Word for word, copy out the data below, omitting pictures.

[Saved data entries]

--- START ---

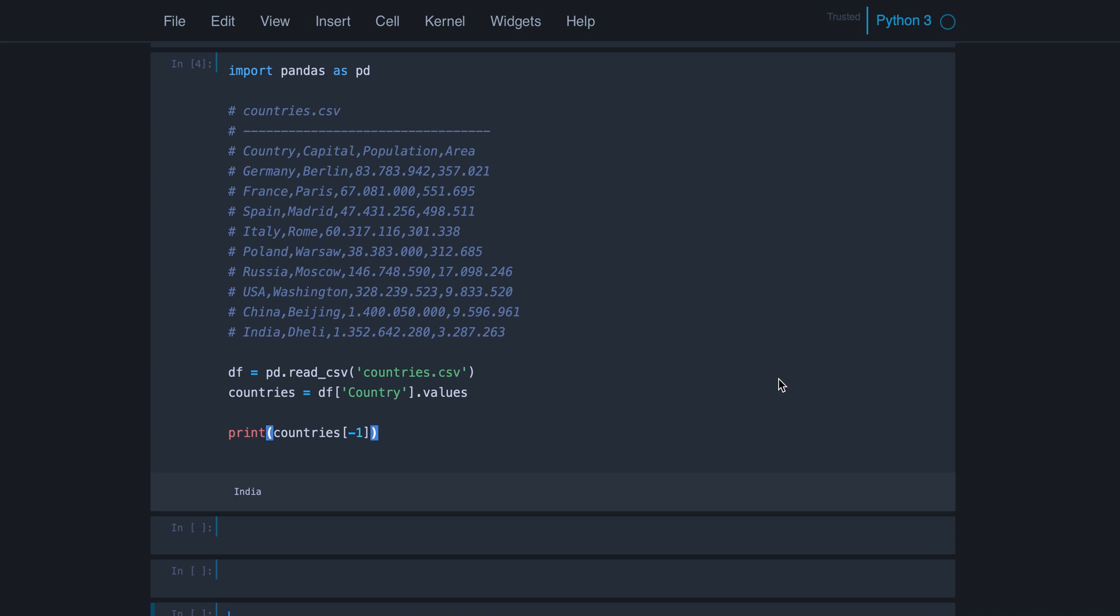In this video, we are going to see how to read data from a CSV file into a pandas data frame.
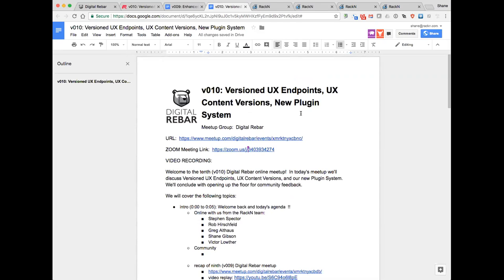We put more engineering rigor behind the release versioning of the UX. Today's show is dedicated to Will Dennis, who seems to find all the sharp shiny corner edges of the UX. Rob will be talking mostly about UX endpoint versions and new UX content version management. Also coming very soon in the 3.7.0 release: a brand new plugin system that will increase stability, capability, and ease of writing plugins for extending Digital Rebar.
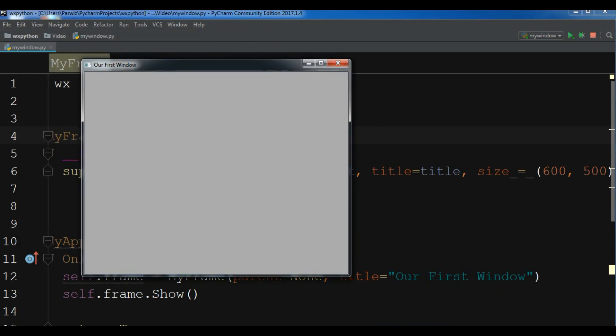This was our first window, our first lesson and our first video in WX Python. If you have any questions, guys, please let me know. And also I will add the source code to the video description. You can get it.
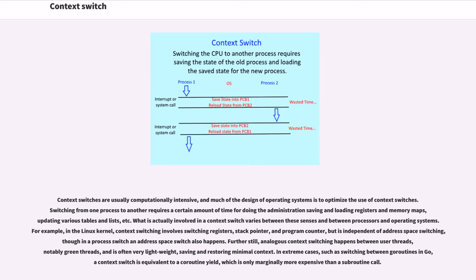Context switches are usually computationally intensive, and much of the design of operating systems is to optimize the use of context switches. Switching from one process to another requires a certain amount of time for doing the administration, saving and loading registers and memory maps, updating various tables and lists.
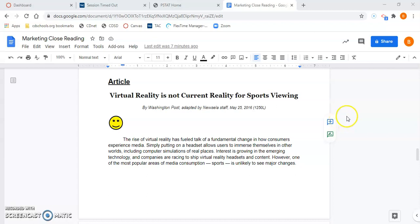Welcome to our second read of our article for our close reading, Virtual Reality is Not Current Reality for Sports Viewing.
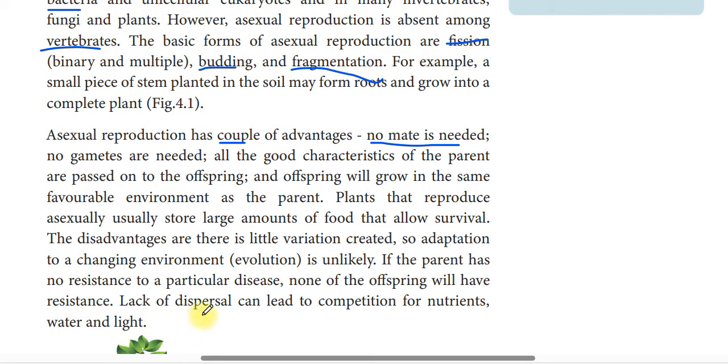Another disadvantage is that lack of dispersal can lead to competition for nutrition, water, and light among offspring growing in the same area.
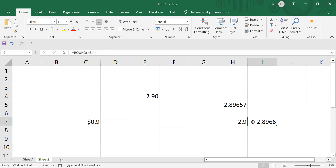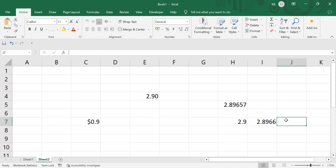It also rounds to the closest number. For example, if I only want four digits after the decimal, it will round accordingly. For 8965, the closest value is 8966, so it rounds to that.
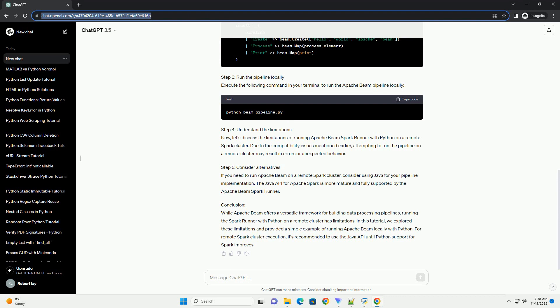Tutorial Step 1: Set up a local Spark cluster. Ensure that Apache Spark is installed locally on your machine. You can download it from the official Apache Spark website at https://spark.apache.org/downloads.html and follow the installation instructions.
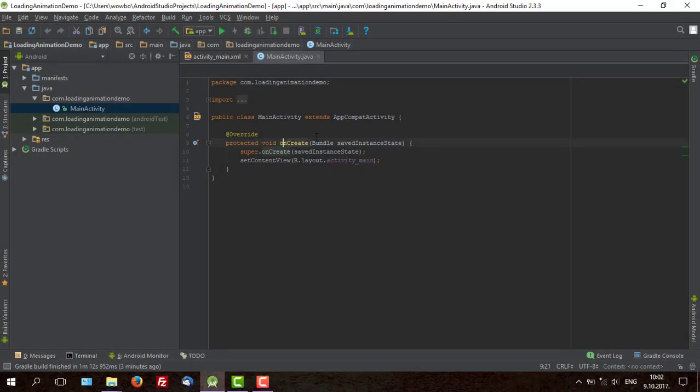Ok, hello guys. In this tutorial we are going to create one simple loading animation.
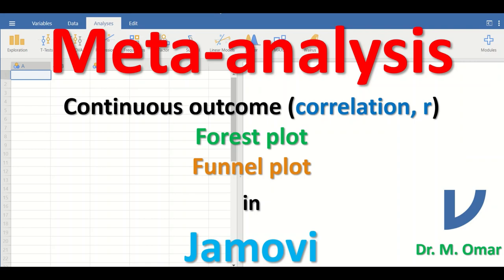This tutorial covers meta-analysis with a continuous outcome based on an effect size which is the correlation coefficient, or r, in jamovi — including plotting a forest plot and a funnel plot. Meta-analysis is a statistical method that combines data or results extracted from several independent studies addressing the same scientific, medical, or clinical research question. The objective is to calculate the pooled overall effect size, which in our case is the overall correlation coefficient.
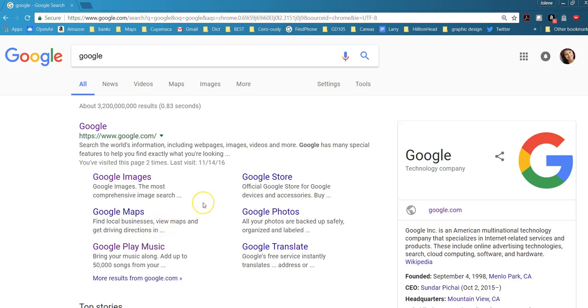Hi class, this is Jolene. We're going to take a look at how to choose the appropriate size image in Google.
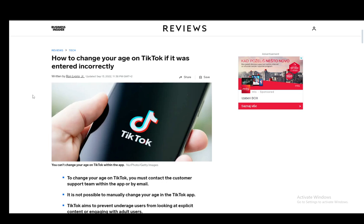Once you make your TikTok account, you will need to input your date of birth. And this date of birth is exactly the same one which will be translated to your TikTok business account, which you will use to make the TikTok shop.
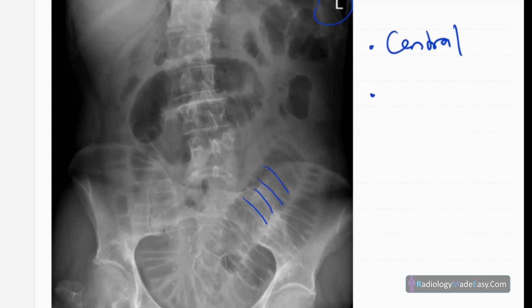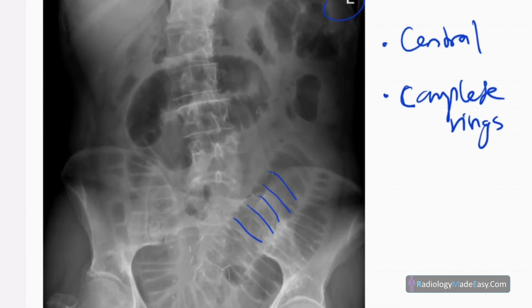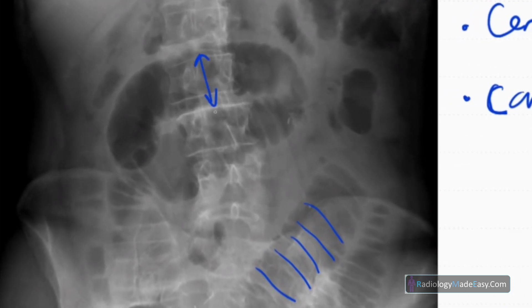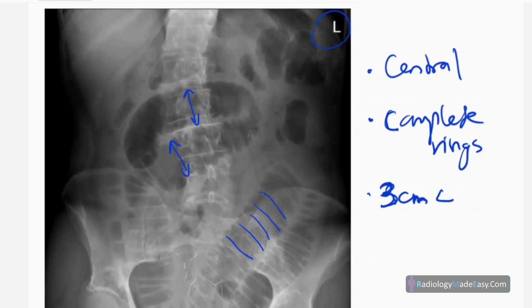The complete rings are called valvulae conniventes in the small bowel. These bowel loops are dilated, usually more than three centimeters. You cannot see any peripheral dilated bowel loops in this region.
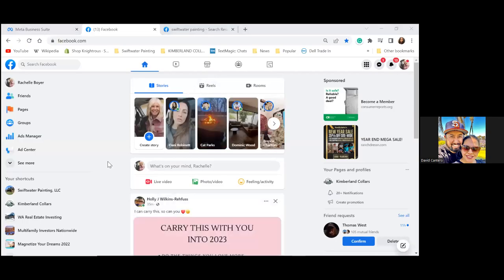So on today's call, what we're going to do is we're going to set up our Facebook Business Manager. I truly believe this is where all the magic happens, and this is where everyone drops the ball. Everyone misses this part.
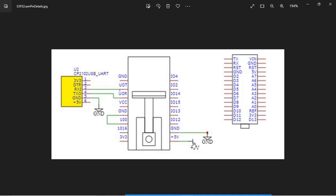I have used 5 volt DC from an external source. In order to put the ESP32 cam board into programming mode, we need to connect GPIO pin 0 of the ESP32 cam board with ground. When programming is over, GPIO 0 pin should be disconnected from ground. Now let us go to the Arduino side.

--- END ---

**Final answer**
In this video, we are going to see how to read data from a CSV file into a pandas data frame.
We put more engineering rigor behind the release versioning of the UX. Today's show is dedicated to Will Dennis, who seems to find all the sharp shiny corner edges of the UX. Rob will be talking mostly about UX endpoint versions and new UX content version management. Also coming very soon in the 3.7.0 release: a brand new plugin system that will increase stability, capability, and ease of writing plugins for extending Digital Rebar.
This was our first window, our first lesson and our first video in WX Python. If you have any questions, guys, please let me know. And also I will add the source code to the video description. You can get it.
Context switches are usually computationally intensive, and much of the design of operating systems is to optimize the use of context switches. Switching from one process to another requires a certain amount of time for doing the administration, saving and loading registers and memory maps, updating various tables and lists.
Welcome to our second read of our article for our close reading, Virtual Reality is Not Current Reality for Sports Viewing.
Another disadvantage is that lack of dispersal can lead to competition for nutrition, water, and light among offspring growing in the same area.
It also rounds to the closest number. For example, if I only want four digits after the decimal, it will round accordingly. For 8965, the closest value is 8966, so it rounds to that.
Tutorial Step 1: Set up a local Spark cluster. Ensure that Apache Spark is installed locally on your machine. You can download it from the official Apache Spark website at https://spark.apache.org/downloads.html and follow the installation instructions.
Ok, hello guys. In this tutorial we are going to create one simple loading animation.
This tutorial covers meta-analysis with a continuous outcome based on an effect size which is the correlation coefficient, or r, in jamovi — including plotting a forest plot and a funnel plot. Meta-analysis is a statistical method that combines data or results extracted from several independent studies addressing the same scientific, medical, or clinical research question. The objective is to calculate the pooled overall effect size, which in our case is the overall correlation coefficient.
Hi class, this is Jolene. We're going to take a look at how to choose the appropriate size image in Google.
Once you make your TikTok account, you will need to input your date of birth. And this date of birth is exactly the same one which will be translated to your TikTok business account, which you will use to make the TikTok shop.
The complete rings are called valvulae conniventes in the small bowel. These bowel loops are dilated, usually more than three centimeters. You cannot see any peripheral dilated bowel loops in this region.
So on today's call, what we're going to do is we're going to set up our Facebook Business Manager. I truly believe this is where all the magic happens, and this is where everyone drops the ball. Everyone misses this part.
I have used 5 volt DC from an external source. In order to put the ESP32 cam board into programming mode, we need to connect GPIO pin 0 of the ESP32 cam board with ground. When programming is over, GPIO 0 pin should be disconnected from ground. Now let us go to the Arduino side.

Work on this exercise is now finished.